Monday, March 13, 2017

Prairie Fascist

He’s at it again.

Rep. Steve King (R-Iowa) has gained notoriety for his often contentious — and, occasionally, almost overtly racist — comments about immigration and the demographics of the United States. On Sunday, in a tweet about the nationalist Dutch politician Geert Wilders, King again appears to have crossed the line.

“Wilders understands that culture and demographics are our destiny,” King wrote. “We can’t restore our civilization with somebody else’s babies.”

The formulation of “our” civilization being at risk from “somebody else’s babies” is a deliberate suggestion that American civilization is threatened by unnamed “others” — almost certainly a reference to non-Westerners. The idea that national identity and racial identity overlap entirely is the crux of white nationalism; King’s formulation above toes close to that line, if it doesn’t cross. American culture, of course, was formed in part over the past two centuries by the assimilation of immigrants from a broad range of nations — first mostly European but later a broader diaspora. Iowa, the state King represents, remains one of the most homogeneously white in the United States.
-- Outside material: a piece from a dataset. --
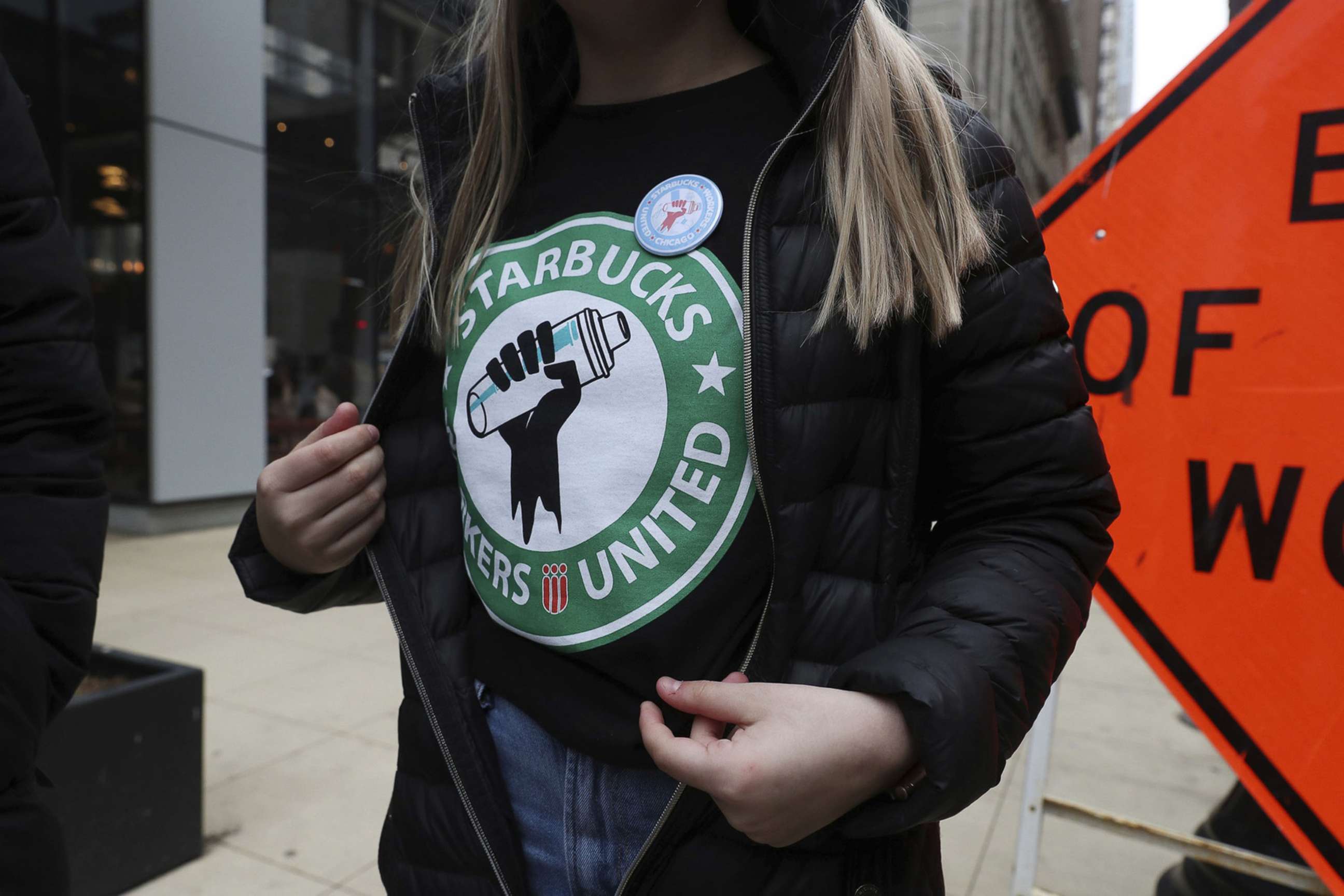 PHOTO: Starbucks worker Kaylie McKinley wears a t-shirt and button promoting unionization, outside a Chicago location, April 7, 2022.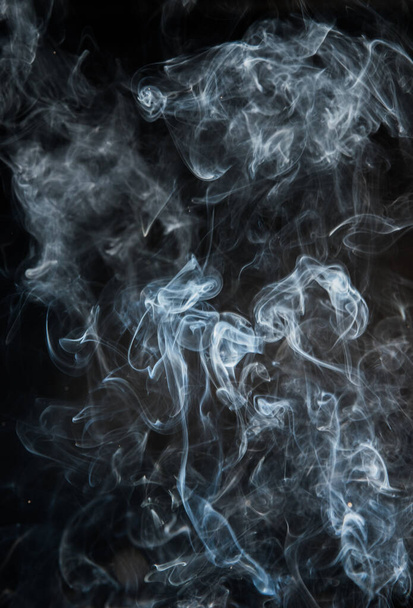 Abstract puffs of smoke on a black background. - Foto, immagini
Calling Steve King “almost overtly racist” is like saying it gets a little chilly at the South Pole.  This is his regular gig.

You have to wonder if he’s doing this just to represent a particular mind-set in his district (although I can say from my own experience that the people and the part of the country he represents are by and large not at all like him or think this way) or that he’s just a fascist and a racist by his own stunted growth and stupidity.  The reason he’s re-elected time and time again is because of inertia and a lack of competition.